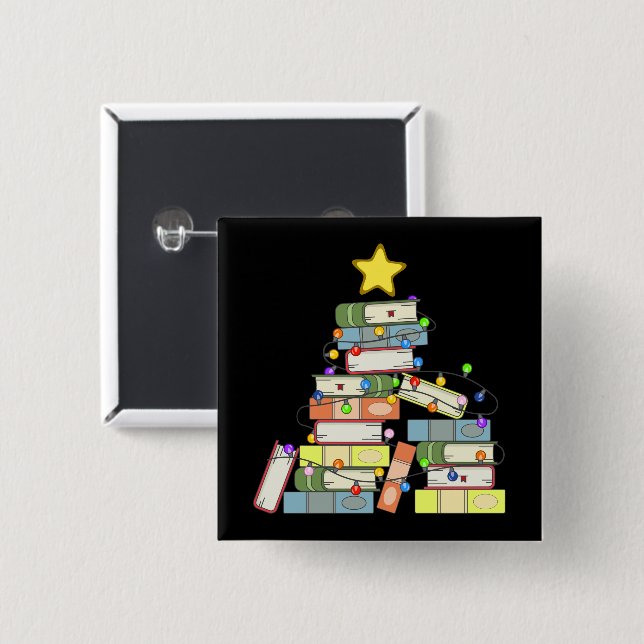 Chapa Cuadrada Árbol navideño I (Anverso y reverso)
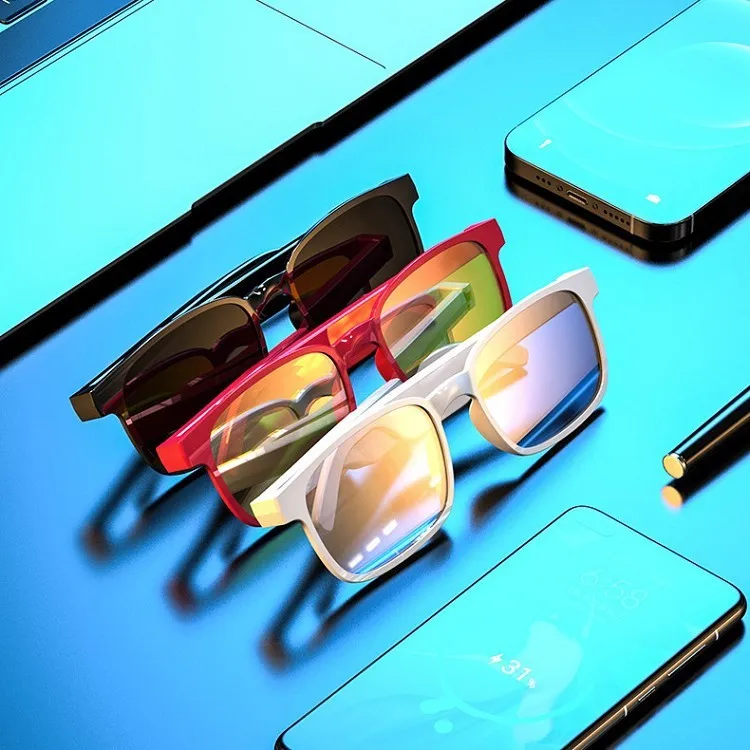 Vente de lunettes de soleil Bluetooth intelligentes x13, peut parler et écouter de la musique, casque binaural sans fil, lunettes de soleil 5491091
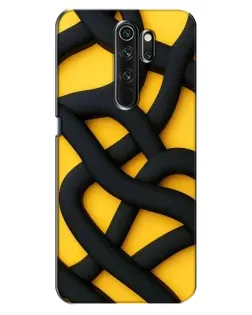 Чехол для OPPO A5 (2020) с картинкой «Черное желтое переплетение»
-- -- --
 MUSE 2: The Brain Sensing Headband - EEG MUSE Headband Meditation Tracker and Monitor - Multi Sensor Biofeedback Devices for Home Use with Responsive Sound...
-- -- --
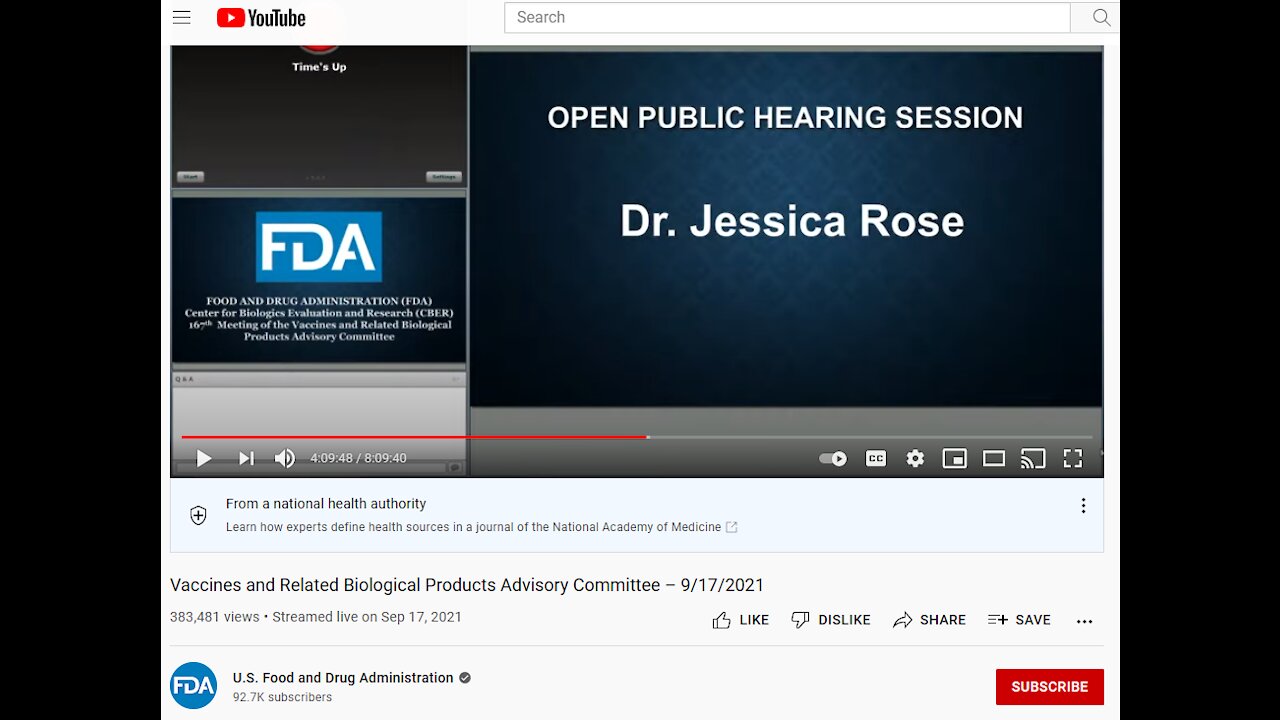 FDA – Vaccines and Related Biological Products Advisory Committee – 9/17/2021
-- -- --
=== TASK GOAL ===
Output exactly the lines above that lie between the line with "Chapa Cuadrada Árbol" and the line with "Чехол для OPPO", those two lines included, and no pictures.

=== SOLUTION TO THE EXERCISE ===
 Chapa Cuadrada Árbol navideño I (Anverso y reverso)
 Vente de lunettes de soleil Bluetooth intelligentes x13, peut parler et écouter de la musique, casque binaural sans fil, lunettes de soleil 5491091
 Чехол для OPPO A5 (2020) с картинкой «Черное желтое переплетение»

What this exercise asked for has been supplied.